Stephane Rodriguez Dismantles Open XML

Elektroschock writes "Stephane Rodriguez, a reengineering specialist who became popular for his article on MS Office 2007 binary data, now comprehensively debunks Microsoft's new Open XML format. With small case studies he demonstrates the impossible challenges third-party developers will face. His conclusion: it is 'defective by design.' Next week members of the International Standard Organization are likely to approve the format as a second official ISO standard for office documents, even though most nations have submitted comments. Rodriguez claims he is 'not affiliated to any pro-MS or anti-MS party/org[anization]/ass[ociation].'"

13 of 188 comments (clear)

  1. Re:This is not proof of OOXML being defective by d by darkatom · · Score: 4, Insightful

    But that's still a problem. Microsoft's implementation becomes the de facto standard and all others must (attempt to) conform to the behavior of that implementation or be judged defective. This is what happened when MS published the MAPI (Mail API) spec and then released an implementation alongside it. Lotus and others could never fully mimic what the MS implementation did, so they eventually languished.

  2. Re:This is not proof of OOXML being defective by d by Anonymous Coward · · Score: 5, Informative

    "by design" is of course about motivation which we can know in OOXML from emails, quotes, obtuse or brittle design, and lack of specification.

    The document contains all of these. I suggest that you read it.

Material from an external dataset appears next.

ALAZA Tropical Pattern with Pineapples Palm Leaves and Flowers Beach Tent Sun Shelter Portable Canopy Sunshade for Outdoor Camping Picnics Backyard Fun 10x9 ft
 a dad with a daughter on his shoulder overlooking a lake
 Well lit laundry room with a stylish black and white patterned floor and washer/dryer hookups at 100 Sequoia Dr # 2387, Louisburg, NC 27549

    By the way -- there's newly discovered undocumented Microsoft tech present in OOXML, such as SSPI ("Security Service Provider Interface") which is a proprietary Microsoft developed protocol for security providers, and OLE ("Object Linking and Embedding") which is for embedding (eg, taking an Excel spreadsheet and putting it into a Word document). This is undefined in OOXML only available on Microsoft Windows.

  3. Re:This is not proof of OOXML being defective by d by bomanbot · · Score: 4, Interesting

    This is not proof of OOXML being defective by design. It only shows that apparently MS's software isn't able to handle OOXML properly

    Um, isnt the fact that not even Microsofts own software can handle OOXML which btw. is designed by Microsoft themselves, proof enough that something is seriously wrong with the design of OOXML?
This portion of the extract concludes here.